The answer is to be an exact copy of the lines below running from the line with "噴霧粉底液什么時(shí)候用？噴霧粉底液用在哪一步？" down to the line with "Torkelson NARVIK ruokapöytä", both ends included, and nothing more.

The input.
---+---

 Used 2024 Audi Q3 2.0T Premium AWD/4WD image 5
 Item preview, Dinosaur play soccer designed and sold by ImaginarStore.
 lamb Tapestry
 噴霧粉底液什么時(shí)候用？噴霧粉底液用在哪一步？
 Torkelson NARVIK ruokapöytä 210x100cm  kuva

---+---

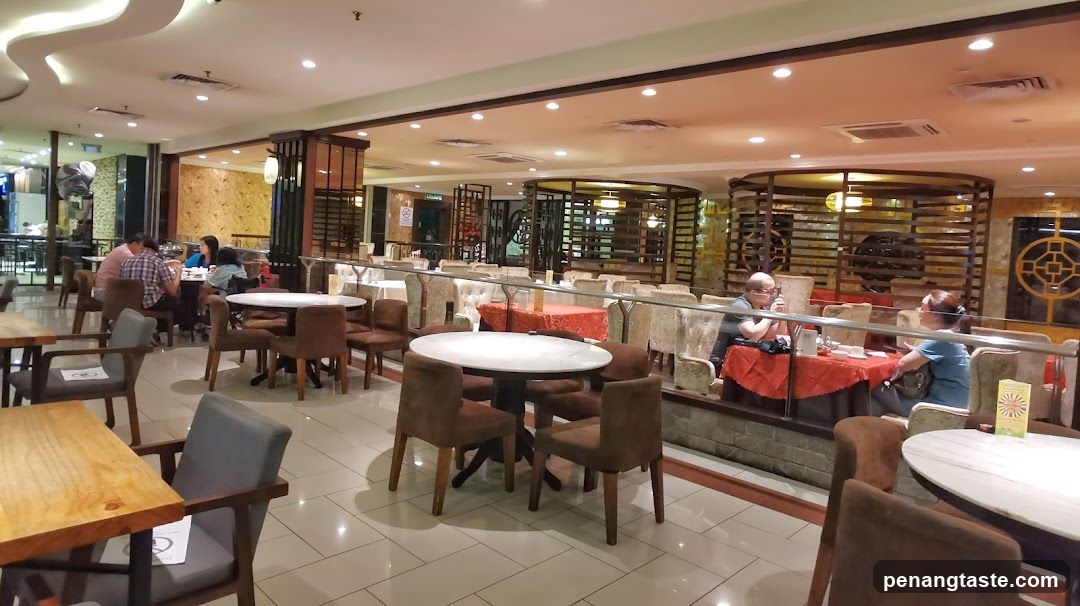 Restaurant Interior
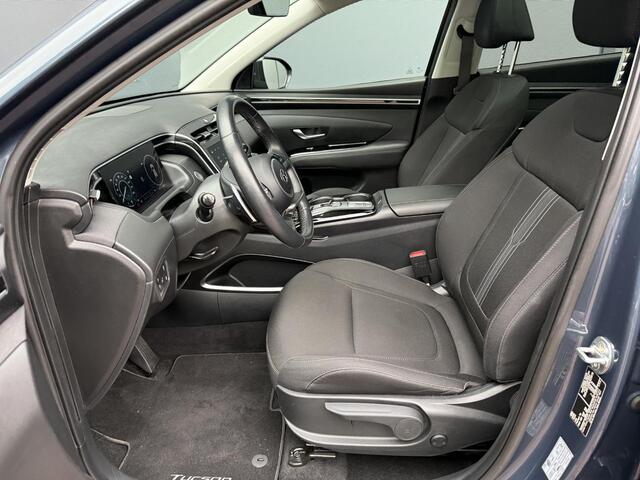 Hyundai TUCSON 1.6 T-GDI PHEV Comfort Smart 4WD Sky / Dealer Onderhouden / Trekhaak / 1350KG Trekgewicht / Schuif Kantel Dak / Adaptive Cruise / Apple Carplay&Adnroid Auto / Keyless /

---+---

Answer area.
 噴霧粉底液什么時(shí)候用？噴霧粉底液用在哪一步？
 Torkelson NARVIK ruokapöytä 210x100cm  kuva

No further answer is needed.